▶ _What is required_
Print out each entry below exactly; do not carry over any image.

[Dataset items]
▼

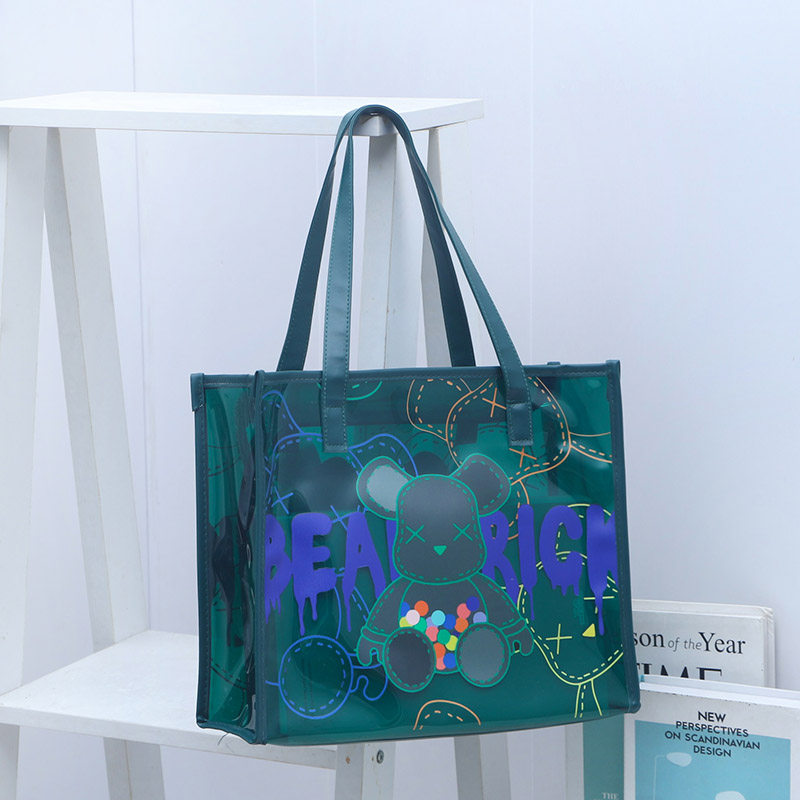 驴淘新款手提袋时尚休闲可爱卡通包包PVC袋子学生手提包女通勤包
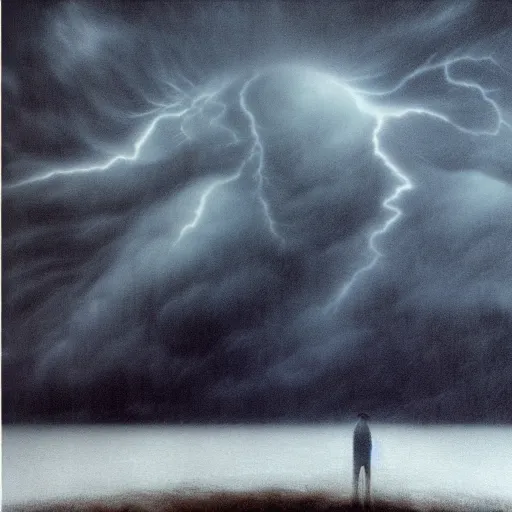 Image similar to killua zoldyck made by zdzisław beksinski, thunderstorm, 8 k, detailed, cinematic, rain, crying, black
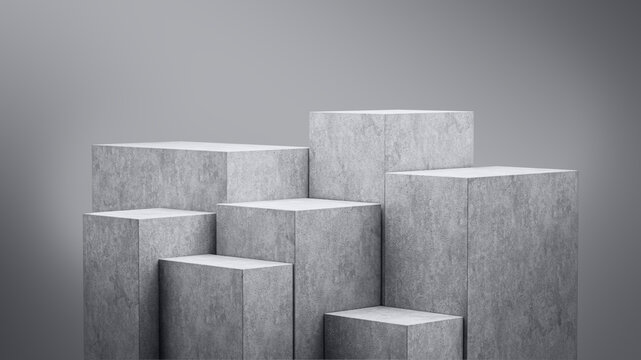 3D rendering of a spotlight directed onto seven podiums of different heights with a gray background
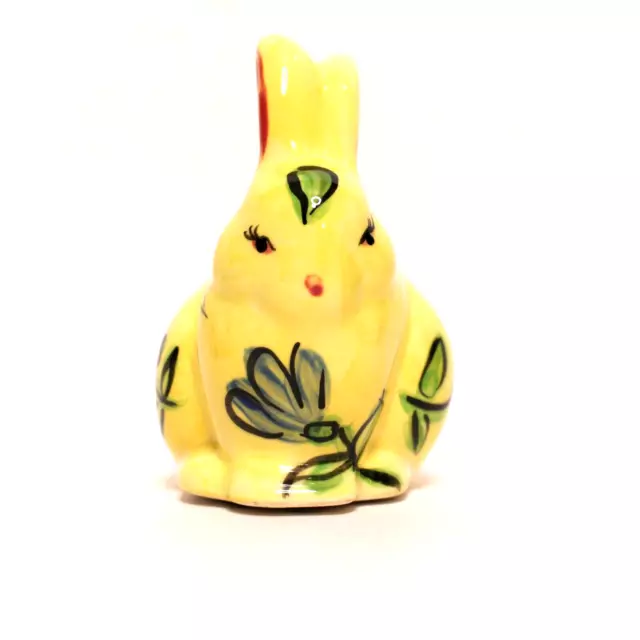 VTG Vicki Carroll Hand painted floral Ceramic Bunny Rabbit Easter Collectable
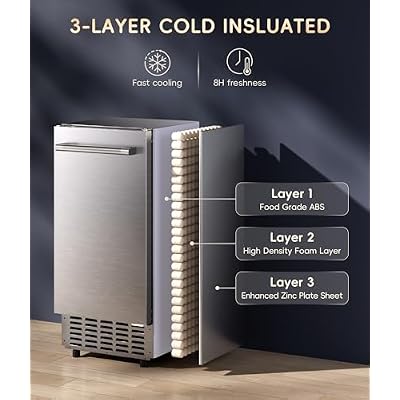 ecozy Undercounter Nugget Ice Maker, 66 Lbs/Day, Soft Pebble Chewable Ice, Bulit-in & Freestanding, Horizontal Handle, Reversible Door, Self-Cleaning & 24H Timer - Stainless Steel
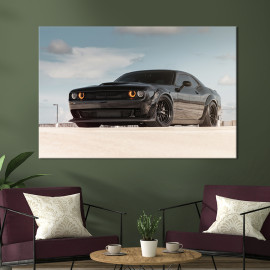 Картина Блискучий чорний Dodge 122x81 см (1313-1)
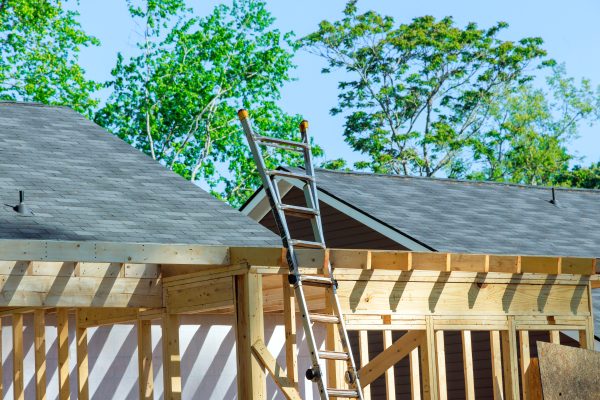 Wood framing with an unfinished at during house remodeling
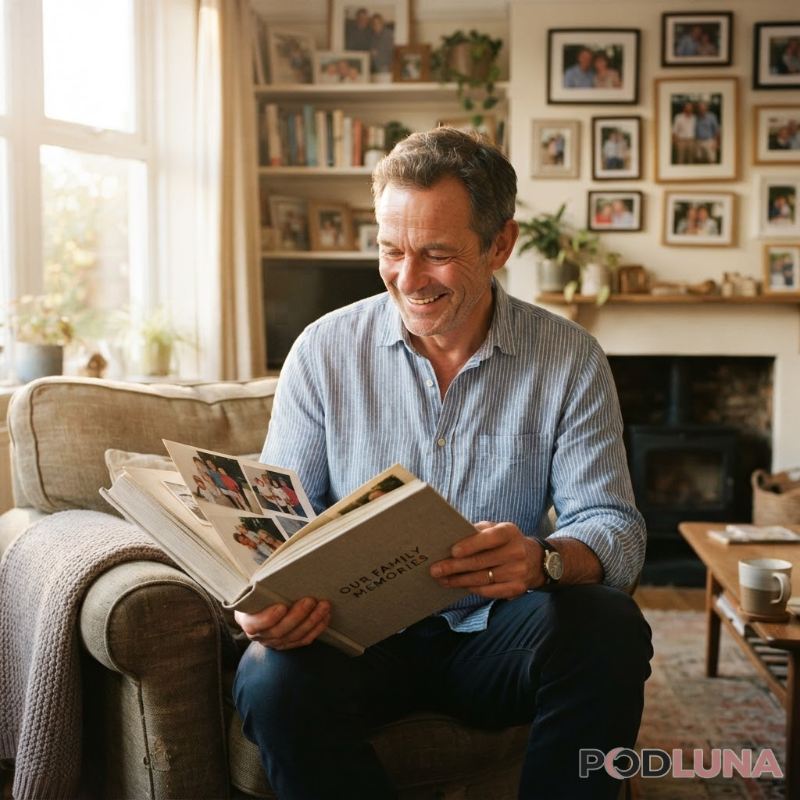 Sentimental Dad Looking Through Family Memories Sentimental Dad Looking Through Family Memories
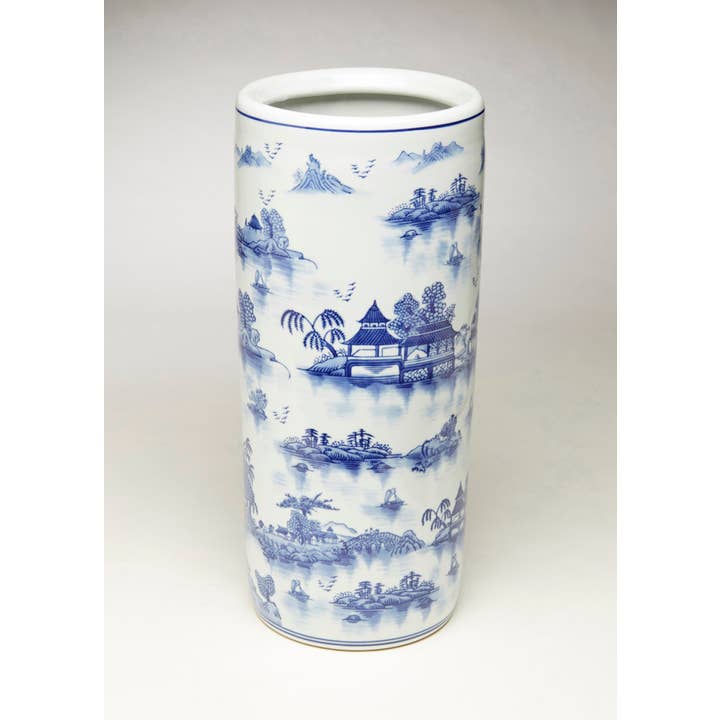 AA Importing - Wholesale Umbrella Stand - Blue Willow Design Umbrella Stand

▲

▶ _Result of the exercise_
 驴淘新款手提袋时尚休闲可爱卡通包包PVC袋子学生手提包女通勤包
 Image similar to killua zoldyck made by zdzisław beksinski, thunderstorm, 8 k, detailed, cinematic, rain, crying, black
 3D rendering of a spotlight directed onto seven podiums of different heights with a gray background
 VTG Vicki Carroll Hand painted floral Ceramic Bunny Rabbit Easter Collectable
 ecozy Undercounter Nugget Ice Maker, 66 Lbs/Day, Soft Pebble Chewable Ice, Bulit-in & Freestanding, Horizontal Handle, Reversible Door, Self-Cleaning & 24H Timer - Stainless Steel
 Картина Блискучий чорний Dodge 122x81 см (1313-1)
 Wood framing with an unfinished at during house remodeling
 Sentimental Dad Looking Through Family Memories Sentimental Dad Looking Through Family Memories
 AA Importing - Wholesale Umbrella Stand - Blue Willow Design Umbrella Stand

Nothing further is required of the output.